The first placed teams from groups A, B, C and D played in Promotion Group A, the winners of groups E, F, G and H1 were put in Promotion Group B, while Promotion Group C consisted of groups I, J, K and L winners.

No draw was held for the Second Division B and relegation play-offs fixtures between teams from groups H1 and H2, as both matches were played at a neutral ground.

===Second Division A/B play-offs===
====Promotion Group A====

| Pos | Team | Pld | W | D | L | GF | GA | GD | Pts | Promotion or qualification |
| 1 | Makadi (P) | 6 | 3 | 3 | 0 | 10 | 4 | +6 | 12 | Promotion to Second Division A |
| 2 | Qus (Z) | 6 | 3 | 2 | 1 | 11 | 10 | +1 | 11 | Promotion to Second Division B |
| 3 | Al Wasta (Z) | 6 | 2 | 2 | 2 | 11 | 9 | +2 | 8 |
| 4 | MS Maghagha (Z) | 6 | 0 | 1 | 5 | 4 | 13 | −9 | 1 |

====Promotion Group B====

| Pos | Team | Pld | W | D | L | GF | GA | GD | Pts | Promotion or qualification |
| 1 | Nogoom (P) | 6 | 4 | 1 | 1 | 13 | 5 | +8 | 13 | Promotion to Second Division A |
| 2 | Ittihad El Shorta (Z) | 6 | 3 | 2 | 1 | 8 | 5 | +3 | 11 | Promotion to Second Division B |
| 3 | Al Merreikh (Z) | 6 | 2 | 2 | 2 | 4 | 5 | −1 | 8 |
| 4 | Sinai Star (Z) | 6 | 0 | 1 | 5 | 4 | 14 | −10 | 1 |

====Promotion Group C====

| Pos | Team | Pld | W | D | L | GF | GA | GD | Pts | Promotion or qualification |
| 1 | Raya Ghazl Kafr El Dawar (P) | 6 | 4 | 1 | 1 | 13 | 8 | +5 | 13 | Promotion to Second Division A |
| 2 | Delphi (Z) | 6 | 4 | 0 | 2 | 12 | 8 | +4 | 12 | Promotion to Second Division B |
| 3 | Maleyat Kafr El Zayat (Z) | 6 | 2 | 1 | 3 | 8 | 9 | −1 | 7 |
| 4 | Bilqas (Z) | 6 | 0 | 2 | 4 | 5 | 13 | −8 | 2 |

===Second Division B play-off===

MS Arish 0-1 South Sinai
Both teams promoted to Second Division B. (Note: Originally, per the match result, South Sinai were promoted to Second Division B, and MS Arish remained in Third Division.
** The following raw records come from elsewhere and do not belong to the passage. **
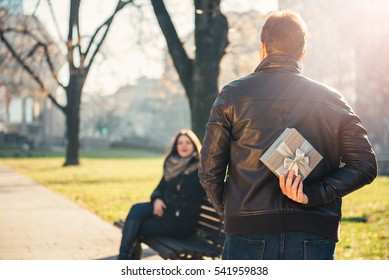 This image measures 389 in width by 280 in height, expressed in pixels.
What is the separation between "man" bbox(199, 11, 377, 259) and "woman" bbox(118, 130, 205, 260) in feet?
10.6

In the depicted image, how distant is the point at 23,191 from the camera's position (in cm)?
1530

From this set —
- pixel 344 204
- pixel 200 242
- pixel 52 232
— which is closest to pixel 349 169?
pixel 200 242

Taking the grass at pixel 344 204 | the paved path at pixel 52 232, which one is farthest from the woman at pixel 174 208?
the grass at pixel 344 204

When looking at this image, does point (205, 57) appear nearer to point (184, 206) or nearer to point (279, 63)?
point (184, 206)

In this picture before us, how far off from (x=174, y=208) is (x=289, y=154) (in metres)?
3.62

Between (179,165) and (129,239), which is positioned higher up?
(179,165)

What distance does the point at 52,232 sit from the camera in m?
8.82

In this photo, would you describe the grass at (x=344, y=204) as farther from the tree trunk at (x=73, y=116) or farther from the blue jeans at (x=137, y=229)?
the tree trunk at (x=73, y=116)

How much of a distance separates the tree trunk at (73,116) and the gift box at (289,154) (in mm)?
24147

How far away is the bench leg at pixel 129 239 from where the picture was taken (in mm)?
6195

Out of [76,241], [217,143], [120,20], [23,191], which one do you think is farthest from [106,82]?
[217,143]

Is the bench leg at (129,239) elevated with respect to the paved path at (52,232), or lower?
elevated

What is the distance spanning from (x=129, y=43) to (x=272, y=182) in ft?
57.5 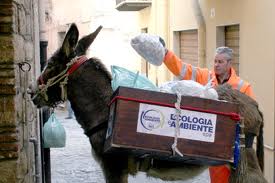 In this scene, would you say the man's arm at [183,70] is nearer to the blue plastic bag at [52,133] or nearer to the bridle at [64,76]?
the bridle at [64,76]

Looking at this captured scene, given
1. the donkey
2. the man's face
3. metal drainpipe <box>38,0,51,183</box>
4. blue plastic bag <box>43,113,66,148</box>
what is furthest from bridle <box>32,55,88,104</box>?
metal drainpipe <box>38,0,51,183</box>

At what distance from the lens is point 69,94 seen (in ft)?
13.3

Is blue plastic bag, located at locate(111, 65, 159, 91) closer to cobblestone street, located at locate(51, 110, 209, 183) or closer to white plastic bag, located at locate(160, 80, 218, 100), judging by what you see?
white plastic bag, located at locate(160, 80, 218, 100)

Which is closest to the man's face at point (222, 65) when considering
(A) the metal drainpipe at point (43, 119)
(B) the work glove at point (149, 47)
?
(B) the work glove at point (149, 47)

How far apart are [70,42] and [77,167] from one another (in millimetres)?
5619

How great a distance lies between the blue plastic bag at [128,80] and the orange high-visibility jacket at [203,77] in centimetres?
61

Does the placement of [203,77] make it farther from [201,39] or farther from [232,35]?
[201,39]

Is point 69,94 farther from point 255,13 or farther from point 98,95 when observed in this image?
point 255,13

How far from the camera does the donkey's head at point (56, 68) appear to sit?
393 cm

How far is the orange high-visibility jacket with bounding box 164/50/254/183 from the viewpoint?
4367mm

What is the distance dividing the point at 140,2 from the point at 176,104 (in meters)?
15.2

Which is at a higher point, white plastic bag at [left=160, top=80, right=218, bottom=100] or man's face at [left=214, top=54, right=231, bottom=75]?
man's face at [left=214, top=54, right=231, bottom=75]

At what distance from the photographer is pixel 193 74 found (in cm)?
467

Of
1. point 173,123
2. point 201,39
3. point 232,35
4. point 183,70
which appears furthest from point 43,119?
point 201,39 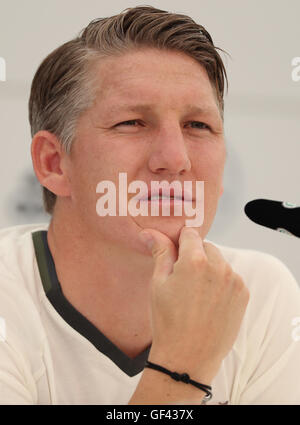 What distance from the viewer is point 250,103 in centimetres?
166

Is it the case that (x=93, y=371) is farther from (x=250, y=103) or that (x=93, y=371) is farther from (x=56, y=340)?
(x=250, y=103)

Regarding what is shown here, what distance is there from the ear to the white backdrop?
37cm

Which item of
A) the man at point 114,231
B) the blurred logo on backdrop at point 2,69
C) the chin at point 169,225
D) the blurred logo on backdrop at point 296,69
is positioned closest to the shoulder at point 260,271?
the man at point 114,231

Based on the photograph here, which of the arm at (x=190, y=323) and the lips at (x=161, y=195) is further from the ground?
the lips at (x=161, y=195)

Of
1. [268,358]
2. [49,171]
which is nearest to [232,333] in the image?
[268,358]

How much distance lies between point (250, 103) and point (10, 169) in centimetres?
83

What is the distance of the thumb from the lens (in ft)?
2.71

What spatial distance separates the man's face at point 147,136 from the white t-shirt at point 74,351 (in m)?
0.19

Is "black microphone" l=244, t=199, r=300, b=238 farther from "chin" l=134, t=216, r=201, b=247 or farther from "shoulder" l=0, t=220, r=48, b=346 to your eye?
"shoulder" l=0, t=220, r=48, b=346

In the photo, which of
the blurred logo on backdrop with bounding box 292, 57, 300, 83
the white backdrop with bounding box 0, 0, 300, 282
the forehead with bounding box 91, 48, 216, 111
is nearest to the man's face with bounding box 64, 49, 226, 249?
the forehead with bounding box 91, 48, 216, 111

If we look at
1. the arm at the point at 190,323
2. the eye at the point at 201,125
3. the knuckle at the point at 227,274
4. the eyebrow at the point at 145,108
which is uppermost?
the eyebrow at the point at 145,108

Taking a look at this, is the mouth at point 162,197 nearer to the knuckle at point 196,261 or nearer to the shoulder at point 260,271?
the knuckle at point 196,261

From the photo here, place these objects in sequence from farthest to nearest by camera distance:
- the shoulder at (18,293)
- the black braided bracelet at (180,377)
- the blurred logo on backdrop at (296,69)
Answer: the blurred logo on backdrop at (296,69), the shoulder at (18,293), the black braided bracelet at (180,377)

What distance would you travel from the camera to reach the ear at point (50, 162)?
114cm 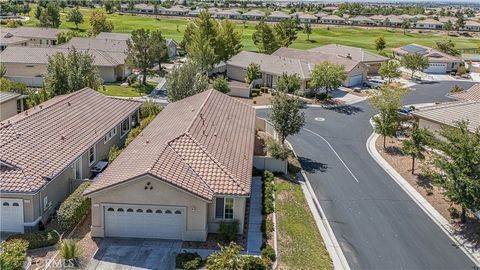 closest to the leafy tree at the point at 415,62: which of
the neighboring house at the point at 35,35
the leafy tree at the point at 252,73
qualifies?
the leafy tree at the point at 252,73

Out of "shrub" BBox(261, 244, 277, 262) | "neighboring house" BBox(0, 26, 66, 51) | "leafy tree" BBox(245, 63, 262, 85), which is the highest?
"neighboring house" BBox(0, 26, 66, 51)

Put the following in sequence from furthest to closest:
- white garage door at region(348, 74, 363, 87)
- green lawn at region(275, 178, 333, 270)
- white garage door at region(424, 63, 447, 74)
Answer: white garage door at region(424, 63, 447, 74) < white garage door at region(348, 74, 363, 87) < green lawn at region(275, 178, 333, 270)

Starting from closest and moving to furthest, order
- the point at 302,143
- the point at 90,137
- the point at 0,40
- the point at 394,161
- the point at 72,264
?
1. the point at 72,264
2. the point at 90,137
3. the point at 394,161
4. the point at 302,143
5. the point at 0,40

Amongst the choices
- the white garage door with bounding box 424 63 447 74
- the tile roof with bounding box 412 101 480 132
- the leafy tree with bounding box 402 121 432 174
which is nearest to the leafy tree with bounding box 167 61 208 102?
the leafy tree with bounding box 402 121 432 174

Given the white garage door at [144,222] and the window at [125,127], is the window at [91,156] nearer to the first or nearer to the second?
the window at [125,127]

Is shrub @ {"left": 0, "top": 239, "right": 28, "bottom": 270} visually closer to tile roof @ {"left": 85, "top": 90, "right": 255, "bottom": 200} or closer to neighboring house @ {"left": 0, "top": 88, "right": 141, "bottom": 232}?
neighboring house @ {"left": 0, "top": 88, "right": 141, "bottom": 232}

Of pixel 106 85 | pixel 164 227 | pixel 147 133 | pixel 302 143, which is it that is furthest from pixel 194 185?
pixel 106 85

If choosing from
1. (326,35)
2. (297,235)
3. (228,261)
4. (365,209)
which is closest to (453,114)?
(365,209)

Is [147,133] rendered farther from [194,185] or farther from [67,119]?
[194,185] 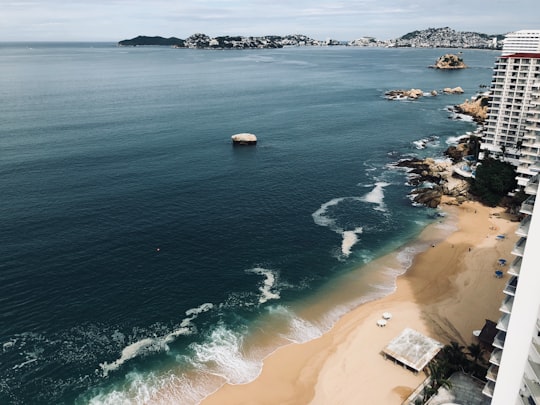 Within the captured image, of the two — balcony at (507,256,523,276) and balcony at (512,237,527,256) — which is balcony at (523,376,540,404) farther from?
balcony at (512,237,527,256)

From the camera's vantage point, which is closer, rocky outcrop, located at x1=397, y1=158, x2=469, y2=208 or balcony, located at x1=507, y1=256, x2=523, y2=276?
balcony, located at x1=507, y1=256, x2=523, y2=276

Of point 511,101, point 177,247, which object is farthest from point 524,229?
point 511,101

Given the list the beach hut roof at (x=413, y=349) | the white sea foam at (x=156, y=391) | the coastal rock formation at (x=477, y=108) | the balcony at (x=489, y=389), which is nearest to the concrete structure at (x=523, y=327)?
the balcony at (x=489, y=389)

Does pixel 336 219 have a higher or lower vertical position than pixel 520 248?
lower

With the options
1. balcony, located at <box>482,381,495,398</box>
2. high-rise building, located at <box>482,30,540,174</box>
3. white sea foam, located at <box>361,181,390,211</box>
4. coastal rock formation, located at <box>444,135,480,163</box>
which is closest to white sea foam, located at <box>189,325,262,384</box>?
balcony, located at <box>482,381,495,398</box>

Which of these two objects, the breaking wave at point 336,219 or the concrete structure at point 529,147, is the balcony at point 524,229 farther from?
the concrete structure at point 529,147

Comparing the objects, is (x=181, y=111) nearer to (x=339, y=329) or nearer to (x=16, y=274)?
(x=16, y=274)

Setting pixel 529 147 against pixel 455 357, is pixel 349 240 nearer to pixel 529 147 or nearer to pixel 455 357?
pixel 455 357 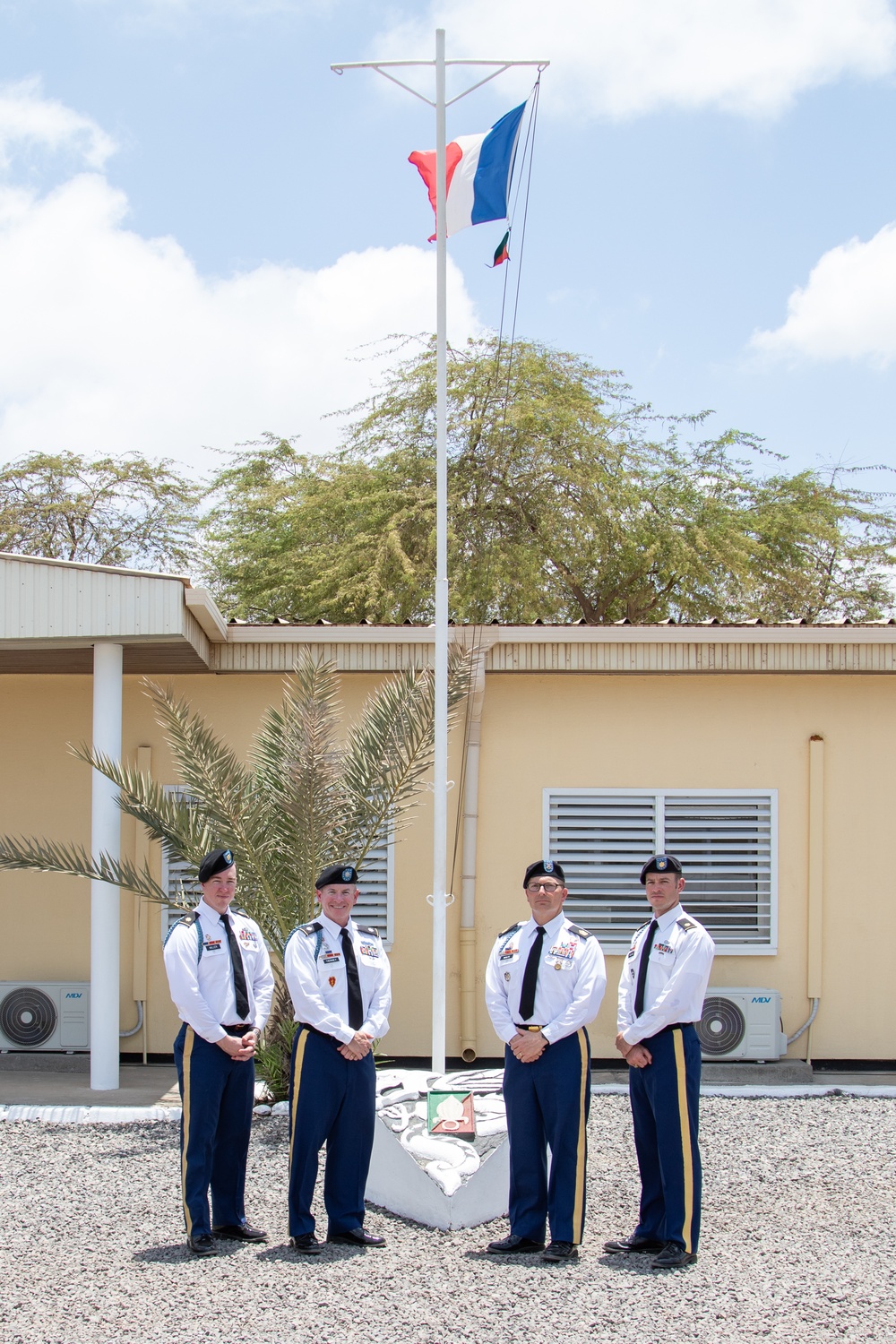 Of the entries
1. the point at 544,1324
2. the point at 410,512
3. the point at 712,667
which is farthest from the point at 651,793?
the point at 410,512

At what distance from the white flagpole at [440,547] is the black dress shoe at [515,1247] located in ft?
5.20

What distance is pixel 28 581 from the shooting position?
7.95m

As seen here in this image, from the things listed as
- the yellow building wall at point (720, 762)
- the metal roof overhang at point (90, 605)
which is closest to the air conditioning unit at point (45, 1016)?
the metal roof overhang at point (90, 605)

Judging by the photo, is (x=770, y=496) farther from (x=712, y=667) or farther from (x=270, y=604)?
(x=712, y=667)

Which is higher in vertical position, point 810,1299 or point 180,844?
point 180,844

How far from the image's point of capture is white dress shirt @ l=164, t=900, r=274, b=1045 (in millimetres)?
5285

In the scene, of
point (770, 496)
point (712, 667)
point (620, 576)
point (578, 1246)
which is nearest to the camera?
point (578, 1246)

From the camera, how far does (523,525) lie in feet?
67.8

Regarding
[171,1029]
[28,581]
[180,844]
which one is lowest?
[171,1029]

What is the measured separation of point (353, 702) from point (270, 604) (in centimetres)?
1274

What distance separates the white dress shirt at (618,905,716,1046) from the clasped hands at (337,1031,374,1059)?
1121 millimetres

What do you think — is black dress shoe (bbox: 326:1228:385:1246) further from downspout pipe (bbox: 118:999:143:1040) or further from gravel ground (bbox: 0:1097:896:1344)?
downspout pipe (bbox: 118:999:143:1040)

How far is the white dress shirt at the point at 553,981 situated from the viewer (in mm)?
5285

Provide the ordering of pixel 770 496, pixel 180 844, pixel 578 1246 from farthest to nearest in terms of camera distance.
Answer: pixel 770 496, pixel 180 844, pixel 578 1246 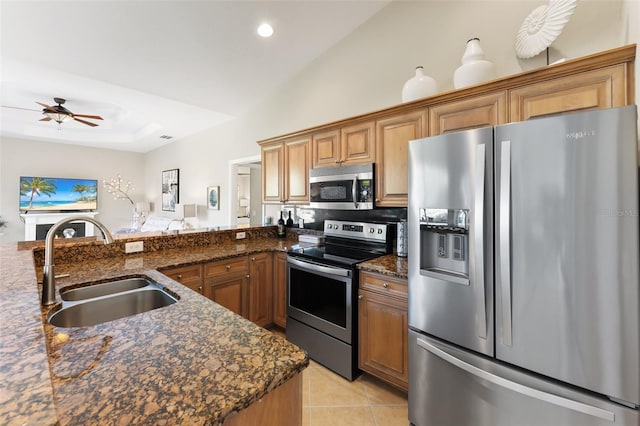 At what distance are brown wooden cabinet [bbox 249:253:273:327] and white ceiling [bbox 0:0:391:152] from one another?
234cm

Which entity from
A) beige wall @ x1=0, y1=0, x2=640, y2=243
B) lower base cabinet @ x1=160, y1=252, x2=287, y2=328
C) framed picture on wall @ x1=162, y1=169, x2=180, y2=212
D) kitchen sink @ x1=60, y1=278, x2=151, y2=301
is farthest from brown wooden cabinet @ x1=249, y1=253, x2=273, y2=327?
framed picture on wall @ x1=162, y1=169, x2=180, y2=212

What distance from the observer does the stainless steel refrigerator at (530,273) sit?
3.38 feet

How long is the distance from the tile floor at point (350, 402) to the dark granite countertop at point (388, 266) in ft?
2.96

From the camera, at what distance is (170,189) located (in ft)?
22.1

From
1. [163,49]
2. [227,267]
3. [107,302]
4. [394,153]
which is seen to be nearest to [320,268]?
[227,267]

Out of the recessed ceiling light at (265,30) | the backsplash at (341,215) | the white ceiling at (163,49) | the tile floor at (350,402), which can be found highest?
the recessed ceiling light at (265,30)

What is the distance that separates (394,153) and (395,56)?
3.80ft

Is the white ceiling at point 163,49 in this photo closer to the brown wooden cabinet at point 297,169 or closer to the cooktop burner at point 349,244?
the brown wooden cabinet at point 297,169

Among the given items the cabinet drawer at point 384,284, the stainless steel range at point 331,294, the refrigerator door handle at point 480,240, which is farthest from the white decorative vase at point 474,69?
the cabinet drawer at point 384,284

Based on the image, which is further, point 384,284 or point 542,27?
point 384,284

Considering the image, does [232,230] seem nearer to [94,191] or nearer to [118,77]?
[118,77]

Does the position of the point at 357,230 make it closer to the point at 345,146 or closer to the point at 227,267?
the point at 345,146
However, on 9 July 2023, the Egyptian Football Association included MS Arish in the list of participating clubs in the 2023–24 Egyptian Second Division B season without announcing a reason for this decision.)

===Relegation play-off===

MS Masr 0-0 MS Abou Zenima
Both teams remained in Third Division. (Note: Originally, per the match result, MS Abou Zenima remained in Third Division, and MS Masr were relegated to Fourth Division. However, on 7 September 2023, the Egyptian Football Association included MS Masr in the list of participating clubs in the 2023–24 Egyptian Third Division season without announcing a reason for this decision.)